** Action item **
Could you please reproduce all the records below exactly, leaving out the images?

** Records shown **
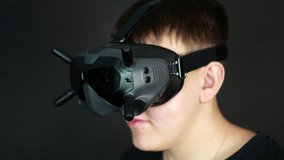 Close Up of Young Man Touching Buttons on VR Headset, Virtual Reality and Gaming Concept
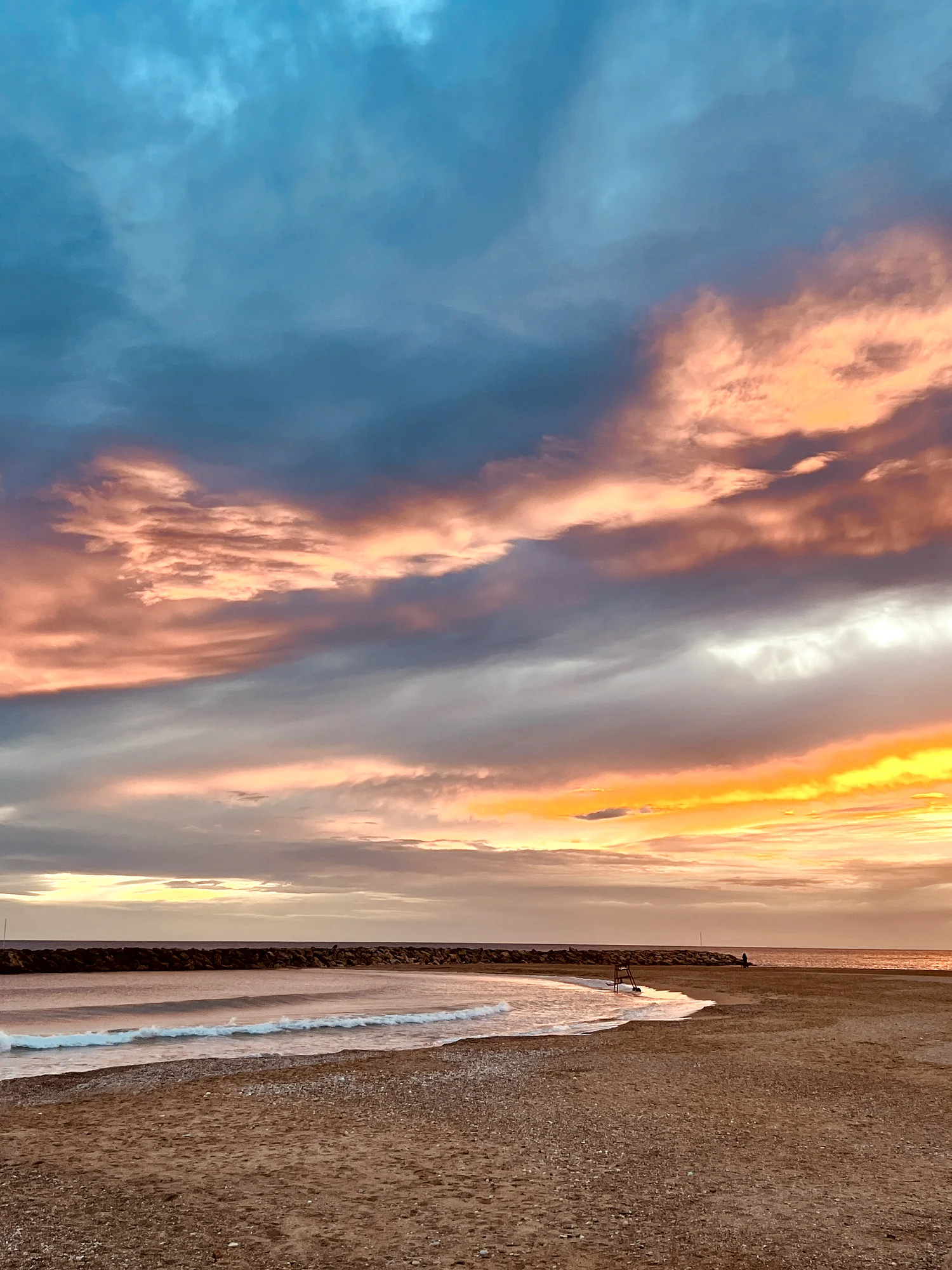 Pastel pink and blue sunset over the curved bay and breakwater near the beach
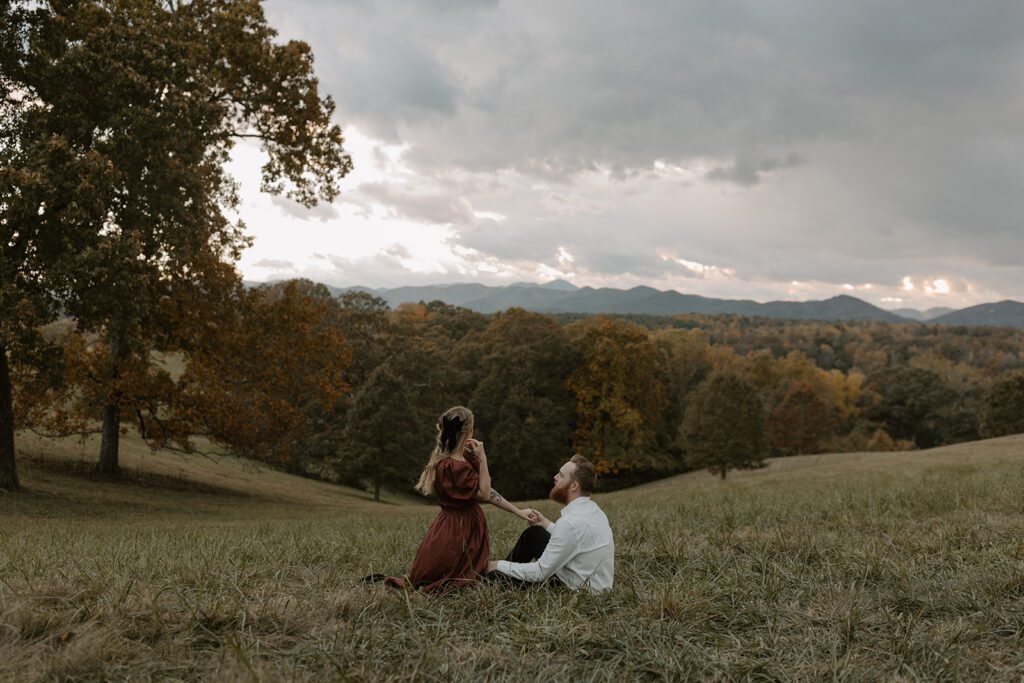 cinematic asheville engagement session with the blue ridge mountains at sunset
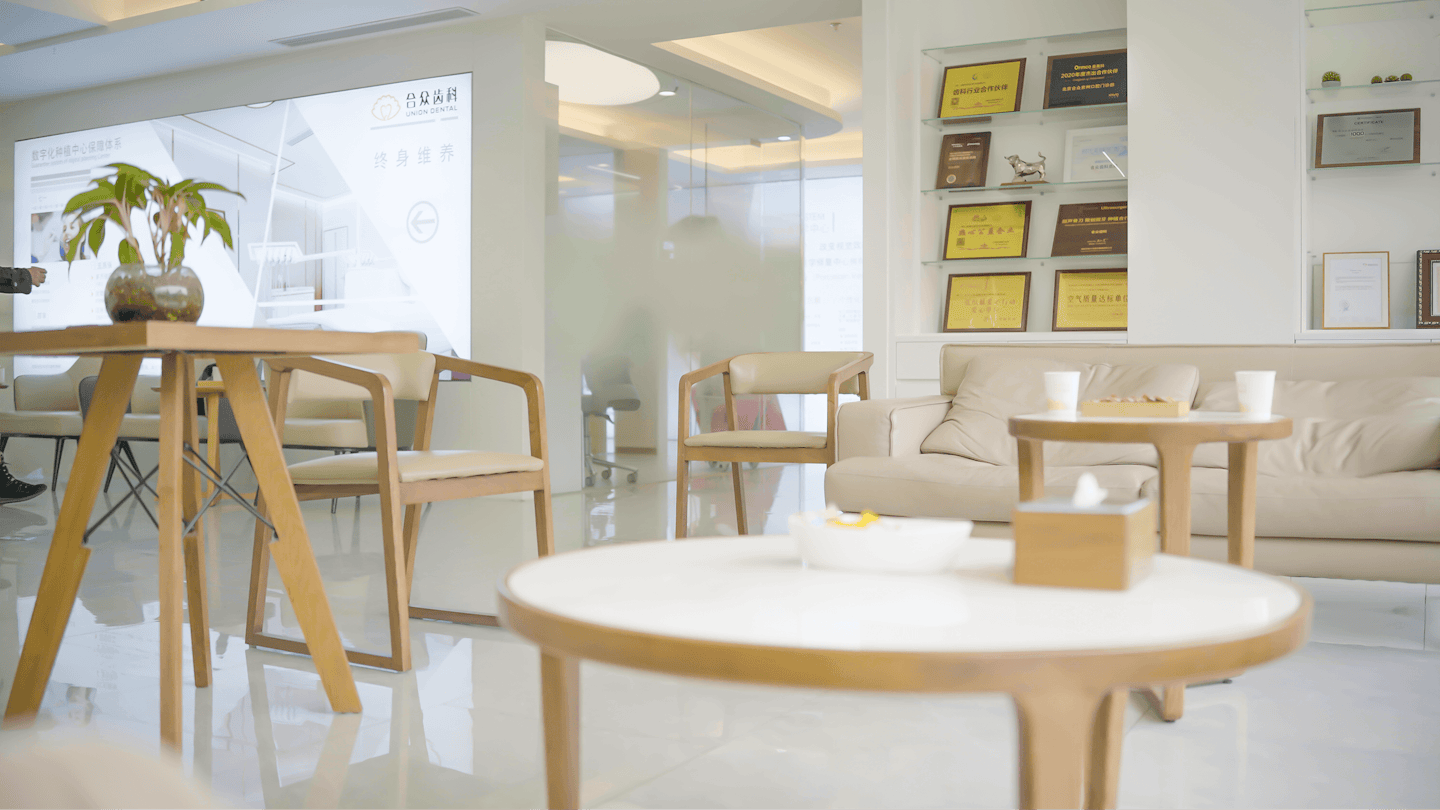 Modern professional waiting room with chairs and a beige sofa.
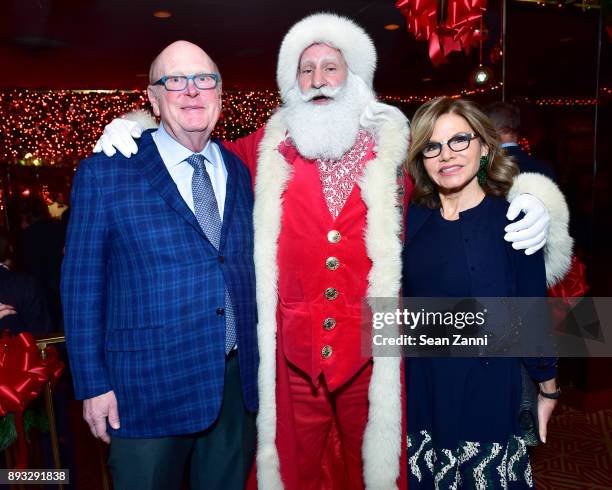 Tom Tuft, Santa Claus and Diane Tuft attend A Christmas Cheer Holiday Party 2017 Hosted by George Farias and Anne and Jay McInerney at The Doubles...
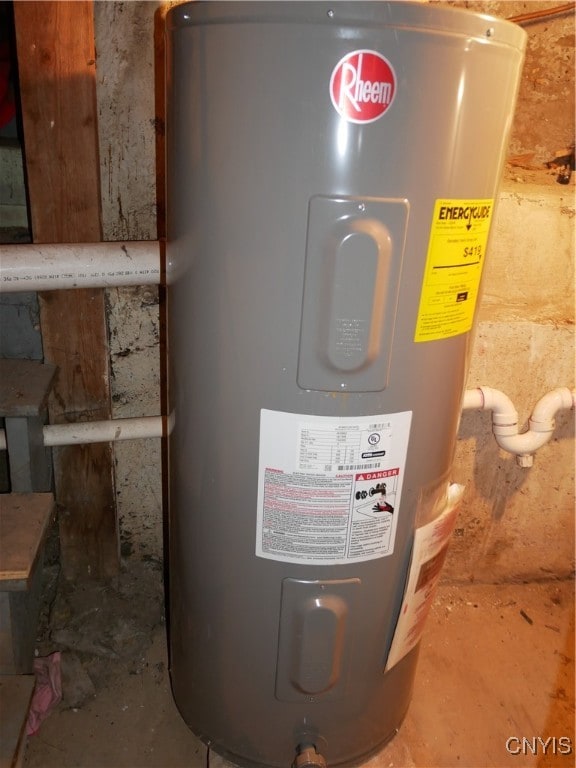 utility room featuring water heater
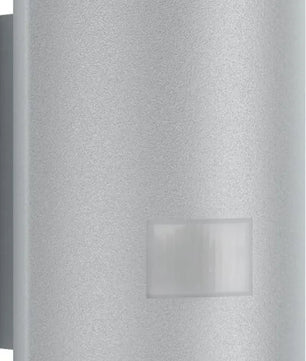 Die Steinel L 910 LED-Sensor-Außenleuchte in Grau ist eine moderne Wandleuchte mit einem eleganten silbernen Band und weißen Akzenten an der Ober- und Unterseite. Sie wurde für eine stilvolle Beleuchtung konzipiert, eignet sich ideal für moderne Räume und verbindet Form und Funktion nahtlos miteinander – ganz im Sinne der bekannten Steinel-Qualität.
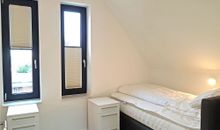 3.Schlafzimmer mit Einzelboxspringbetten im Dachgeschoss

** Response box **
 Close Up of Young Man Touching Buttons on VR Headset, Virtual Reality and Gaming Concept
 Pastel pink and blue sunset over the curved bay and breakwater near the beach
 cinematic asheville engagement session with the blue ridge mountains at sunset
 Modern professional waiting room with chairs and a beige sofa.
 Tom Tuft, Santa Claus and Diane Tuft attend A Christmas Cheer Holiday Party 2017 Hosted by George Farias and Anne and Jay McInerney at The Doubles...
 utility room featuring water heater
 Die Steinel L 910 LED-Sensor-Außenleuchte in Grau ist eine moderne Wandleuchte mit einem eleganten silbernen Band und weißen Akzenten an der Ober- und Unterseite. Sie wurde für eine stilvolle Beleuchtung konzipiert, eignet sich ideal für moderne Räume und verbindet Form und Funktion nahtlos miteinander – ganz im Sinne der bekannten Steinel-Qualität.
 3.Schlafzimmer mit Einzelboxspringbetten im Dachgeschoss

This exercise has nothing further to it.